In times of stress and anxiety, she says, “the first thing is to acknowledge your feelings. We’re very good at trying to squash them down, but they have a habit of leaking out. It’s about being compassionate and recognising you’re feeling something for a reason and trying to understand why.”

Obuaya recommends trying to accept “that this is the reality of the situation we’re in. We don’t have fixed timelines and it’s important to appreciate that this is going to be a drawn-out process.” But to maintain a degree of control, focus short-term. “Think in periods of days and weeks and try to control things that you can – sleep, exercise and nutrition.” He also advises limiting the number of doom-laden news stories you are exposed to. Maintaining social connections is vital, but he recommends ensuring “those sorts of conversations have a fun and lightness to them, so we’re not just asking people how they are and whether they’re ill”.

In the face of a threat, the stress hormones adrenaline and cortisol are released – the fight, flight or freeze response. “In any situation where that response system continues to remain on alert, your breathing will remain rapid, your heart rate and blood pressure potentially will remain high and the counterbalancing system doesn’t kick in,” says Obuaya. “That is not good in the long run.” One of the things that helps, he says, is to activate the parasympathetic nervous system, “or the rest and digest response, which has the opposite effect – it slows down the breathing, it slows down the pumping of blood around the body”. Activities such as meditation and yoga “can be really effective”.

Murray advises creating boundaries. Worried by the prospect of a social gathering? “Say: ‘Thanks very much for the invitation, but I’m not that comfortable with that.’” Communicate your needs on a daily basis, she says. This is especially important when juggling childcare and work, which has fallen disproportionately on women. And lower your expectations. “What’s going to work for you, rather than put more pressure on you?”

A routine can be helpful to bring a sense of predictability, says Rohleder. And with days all blending into one, make an effort to differentiate between leisure time and work time, in the way your commute used to. “We need some sort of ritual to claim our evenings and weekends again,” he says.

Watch how you talk to yourself, says Babb. “We often talk about: ‘We should be able to manage it,’ and that’s an unhelpful thinking trap. By using the words should, need or ought, it makes us feel guilty because the implication is we’ve failed.” Instead, she says, it can be more useful to say: “It would be helpful if …”

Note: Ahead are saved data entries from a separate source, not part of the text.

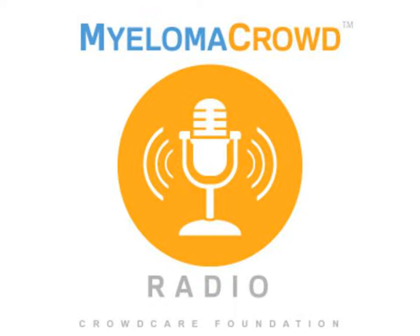Welcome to today's episode of Myeloma Crowd Radio, a show that connects patients with myeloma researchers. I'm your host, Jenny Ahlstrom, and we'd like to thank our episode sponsor, Celgene, for their support of Myeloma Crowd Radio.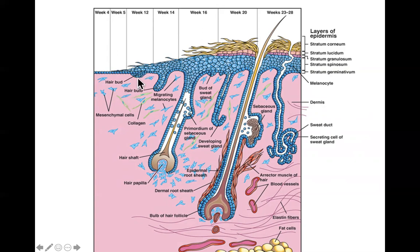The hair bud burrows deeper into the mesenchyme and as it gets bigger and more bulb-shaped it becomes a hair bulb. The cells that form the hair bulb are also called the germinal matrix, which will eventually become the part of the follicle that builds the hair. As this root moves downward the bulb enlarges and some local mesenchyme invaginates into it.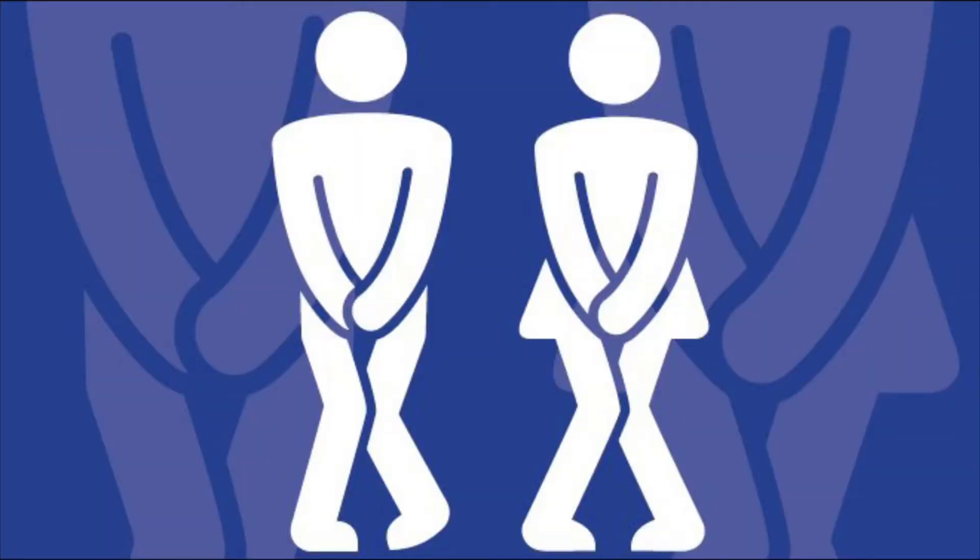Tamsulosin has been studied in women who have lower urinary tract symptoms and has been shown to have some great benefit in that patient population as well. It can also be used in patients who have a neurogenic bladder or patients who have a ureteric stone.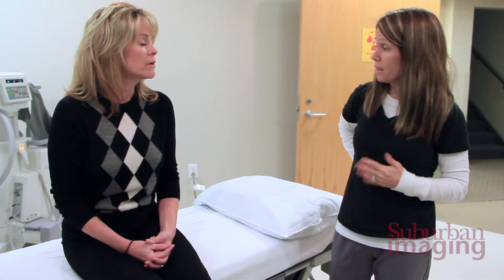It is understandable that patients have a little bit of anxiety about a spinal injection, but I just explain to them that they're going to be pleasantly surprised at how easy this goes. Patients come in and we answer all their questions.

We can all find ways that help. For Valeri, that has been talking a lot to friends and family, doing yoga and going for walks. Her Christianity also helps: “Listening to gospel music and hymns. And the fact that I’m bringing life into the world – I have no choice but to keep positive.”

Kat has carved out time to set herself small art projects every few days. She limited social media because, she says, “I was seeing a lot of people who seemed to be coping well and it made me feel worse”. She tries not to think about the constant “what ifs?”, but “sometimes you do have days when it hits you that this isn’t a normal situation”.

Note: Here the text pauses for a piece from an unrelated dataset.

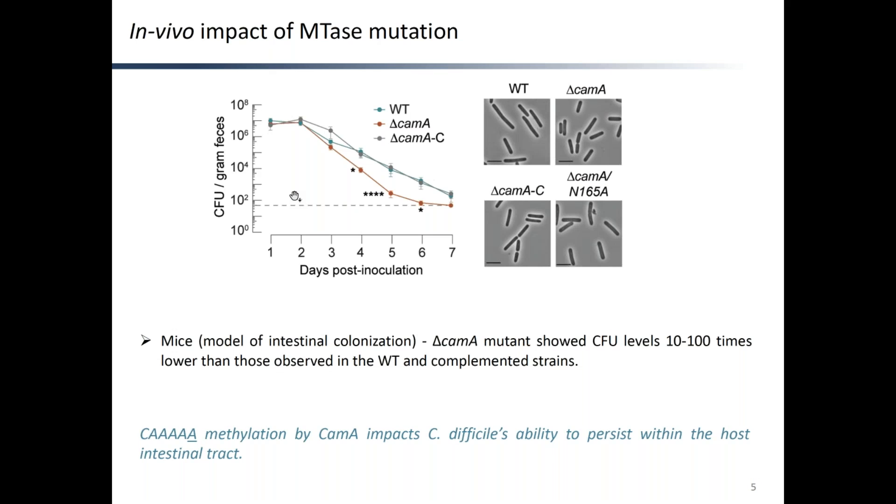Here I show the effects of the Delta CAM-A mutation in the mouse model. Mice were used to test each of the three genotypes — wild-type, Delta CAM-A, and Delta CAM-AC, the complementation of Delta CAM-A with the wild-type mutant — and we found CFU levels to decrease steadily from day 2 post-inoculation to day 7. Notably, the Delta CAM-A mutant showed CFU levels 10 to 100 times lower than those observed in the wild-type and complemented strains — note that this is a log scale. The bacteria were cleared from the feces roughly 6 days post-inoculation for the M-tase mutant, while they were still detectable at day 6 and 7 for the wild-type and complemented strains.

Isn’t it hard not to feel gloomy right now? “It is a completely appropriate response,” says Babb. “We are in a really difficult time and there is no clear end.” But we can balance negativity, she says. “Think about what you feel grateful for or what you’ve achieved,” she says, adding that it could be as small as getting up and having a shower. “It’s helpful to remember that we are resilient, which is not just the ability to cope, but the ability to adapt. And we are adapting.”